Local No. 261, Intern. Union United Auto., Aircraft and Agr. Implement Workers of America, C.I.O. v. Schulze

Decision Date08 April 1958
Citation89 N.W.2d 191,3 Wis.2d 479
Parties, 42 L.R.R.M. (BNA) 2177, 34 Lab.Cas. P 71,435 LOCAL NO. 261, INTERNATIONAL UNION UNITED AUTO., AIRCRAFT AND AGRICULTURAL IMPLEMENT WORKERS OF AMERICA, C. I. O., Appellant, v. Cecilia SCHULZE, Respondent.
CourtWisconsin Supreme Court

Charne & Kops, Milwaukee, for appellant.

Rheingans, Ketterer & Heidtman, Milwaukee, for respondent.

CURRIE, Justice.

Unless the 'escape' clause in the maintenance of membership provisions of the collective bargaining contract superseded Article 6, Section 16, of the constitution of the international union, the plaintiff union is entitled to prevail in this action. This is because the defendant, upon becoming a member of the plaintiff union, became bound by all legal provisions of the international union's constitution by reason of the membership application blank which she had signed.

Such constitution constitutes a binding contract between the union and its members. Herman v. United Automobile, Aircraft & Agricultural Implement Workers of America, 1953, 264 Wis. 562, 567, 59 N.W.2d 475; Government & Civic Employees Organizing Committee, C. I. O. v. Windsor, 1955, 262 Ala. 285, 78 So.2d 646; Mandracio v. Bartenders Union, Local 41, 1952, 41 Cal.2d 81, 256 P.2d 927; Bires v. Barney, 1954, 203 Or. 107, 258 P.2d 120, 277 P.2d 751; and Williams v. National Organization, Masters, Mates & Pilots of America, Local No. 2, 1956, 384 Pa. 413, 120 A.2d 896. One of the obligations placed upon the defendant by the constitution of the international was that requiring her to pay dues. Seymour v. Essex County Printing Pressmen, 1941, 23 A.2d 169, 170, 19 N.J.Misc. 665, 666; and 87 C.J.S. Trade Unions, § 40, p. 834.

Under Article 6, Section 16, of the international's constitution, the notice of withdrawal given by defendant to the plaintiff union in April, 1955, was insufficient to relieve her from the liability to pay dues for the remainder of the year 1955. Whether such notice of withdrawal so given in April would be sufficient to end her dues paying liability as of December 31, 1955, without the necessity of giving further notice of withdrawal by registered mail during the ten day period preceding such date, we find it unnecessary to here determine. The fact, that a further provision in the international's constitution provided for automatic suspension from membership of a member who becomes two months delinquent in paying dues, is insufficient to relieve defendant from her liability for payment of delinquent dues.

We now come to the crucial issue in the case, viz., did the 'escape' clause in the maintenance of membership provisions of the collective bargaining contract supersede the stipulated conditions for withdrawal from membership which are set forth in Article 6, Section 16, of the international's constitution?

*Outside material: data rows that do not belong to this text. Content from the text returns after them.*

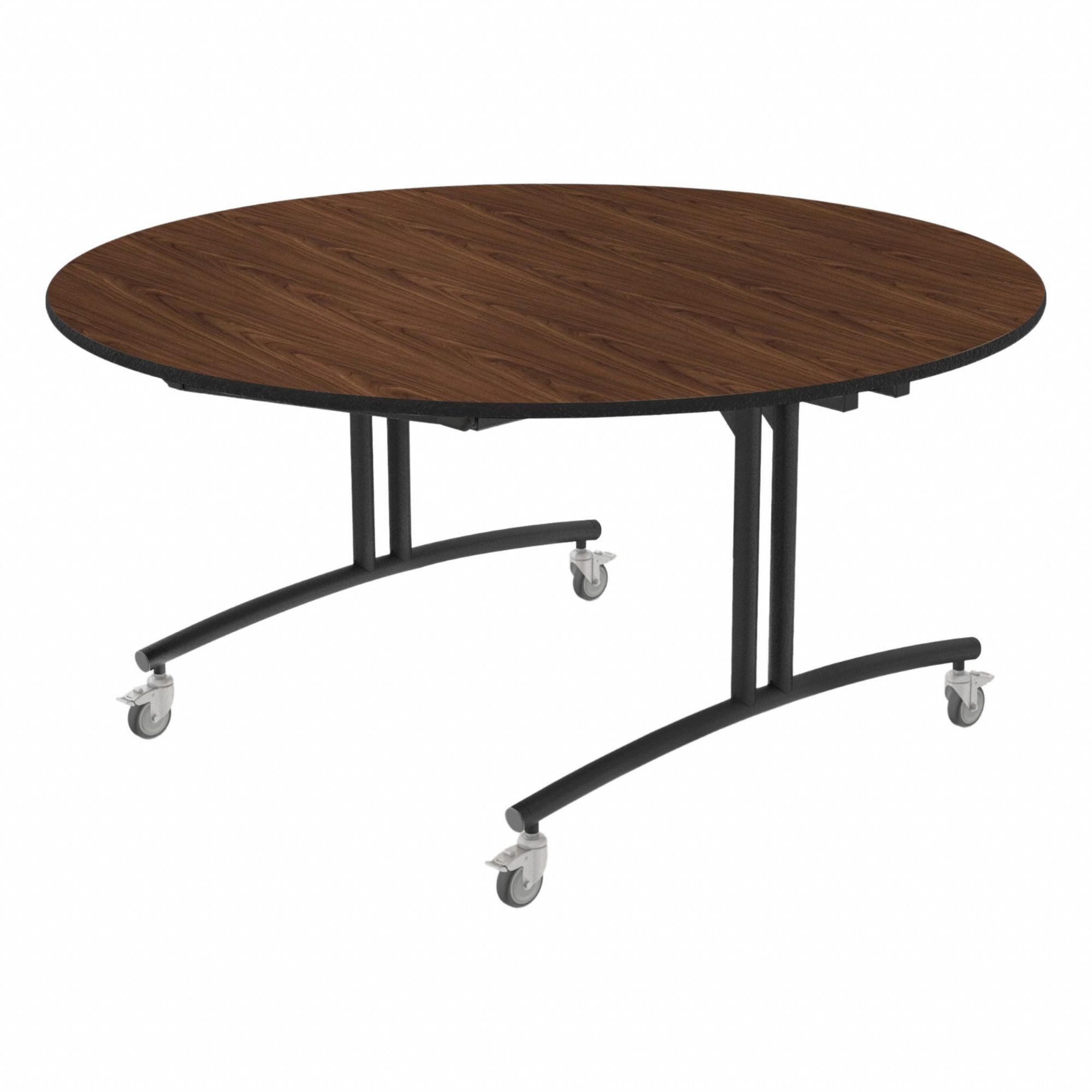 Palmer Hamilton 3G-OTH-581587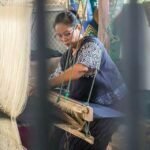 Ban Bo Suak Homestay, Nan Province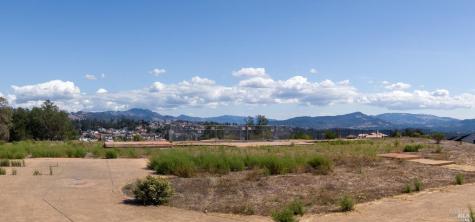 3858 Skyfarm Drive Santa Rosa CA 95403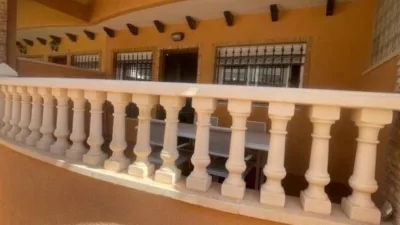 Chalet in Guardamar del Segura photo 22
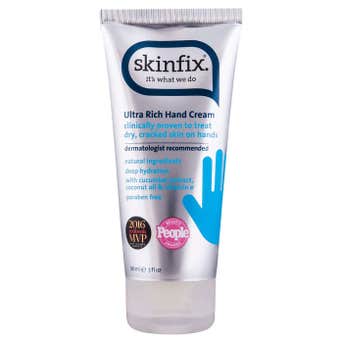 Skinfix Ultra Rich Hand Cream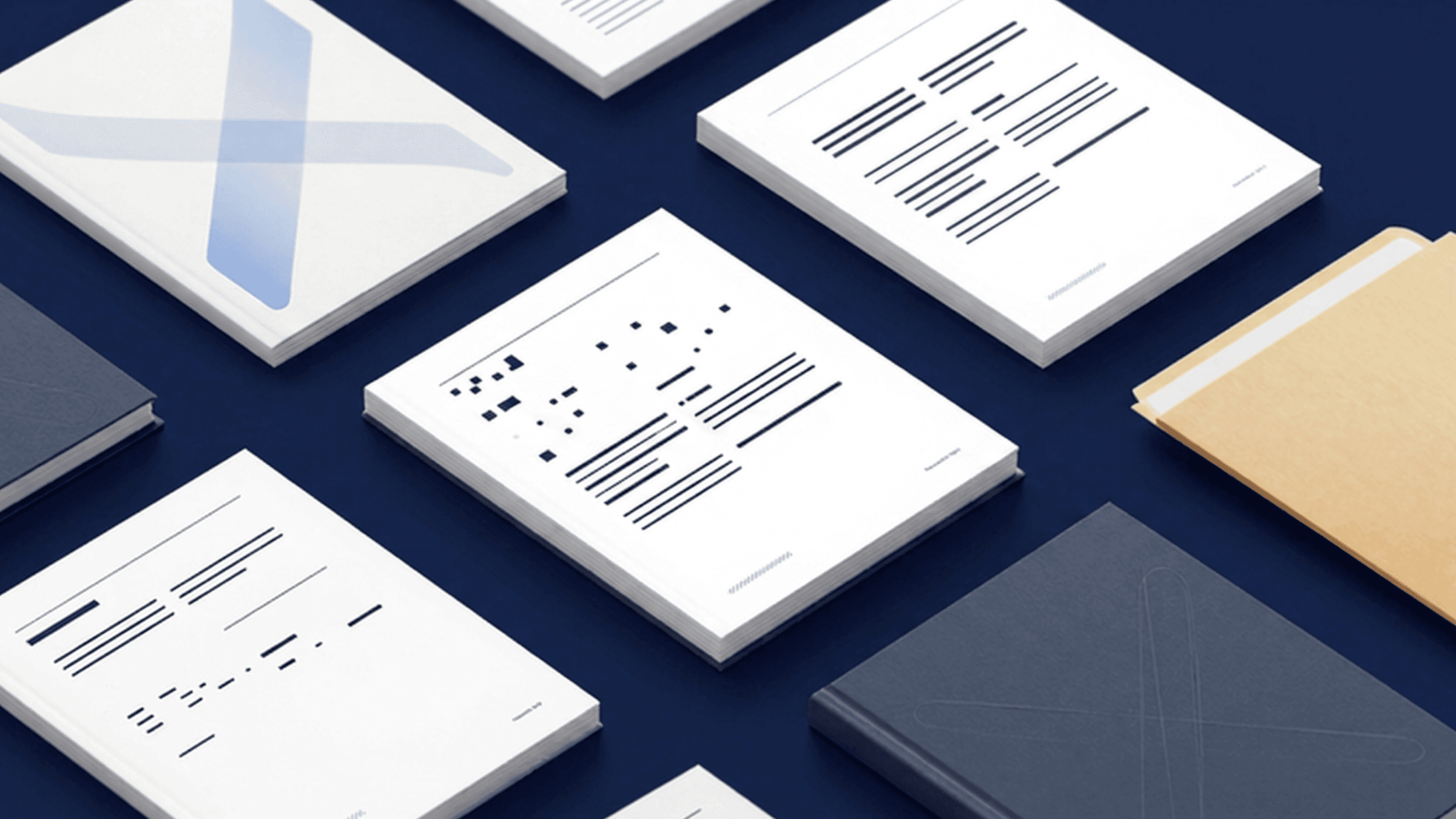 Premium B2B research marketplace with report covers and business intelligence documents.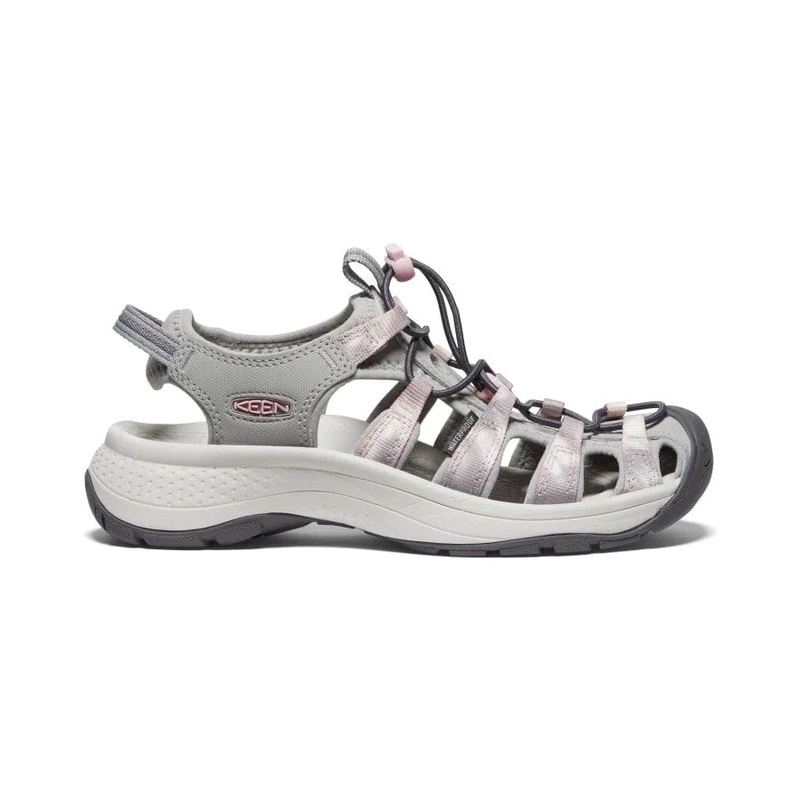 Keen Astoria West Sandal – Women’s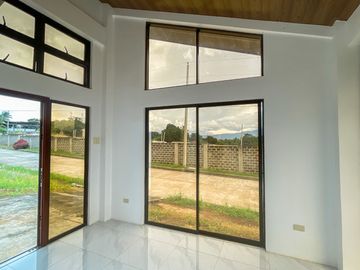 3 Bedroom Bungalow House for Sale on Installment in Valencia Estates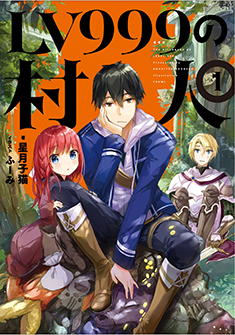 MyAnimeList.net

In the case of Marlin Rockwell Corporation (1955), 114 N.L.R.B. 553, the same international union before us in the instant case and one of its locals were found guilty of an unfair labor practice in violation of sec. 8(b)(1)(A) and 8(b)(2) of the Labor Management Relations Act of 1947 (the Taft-Hartley Act), 29 U.S.C.A. § 158(b)(1)(A), (2). Such violation consisted of invoking, or attempting to invoke, the discharge provision of a maintenance of membership clause of a collective bargaining contract against three employees whom the union claimed owed delinquent union dues. The effective date of such collective bargaining contract was October 12, 1953. Several weeks before the three employees had tendered their written withdrawals of membership to the union. The union contended such withdrawals from membership were ineffective because they violated the maintenance of union membership clause of the prior collective bargaining contract then in effect; and that under the international's constitution a notice of withdrawal of membership could only be given between December 21st and December 31st. The majority of the board held that, irrespective of any compulsory union membership clause in a collective bargaining contract, a union member is granted by sec. 7 of the Taft-Hartley Act 1 the right to withdraw from membership in the union at any time; but that such employee may still be subject to discharge under the collective bargaining contract if he fails to pay union dues for the period that the compulsory membership provision of the contract is to continue in effect. Following this reasoning, the board held that the three employees were not members of the union at the time the new collective bargaining contract took effect on October 12, 1953, and, therefore, were not union members within the meaning of the maintenance of membership clause of such new contract.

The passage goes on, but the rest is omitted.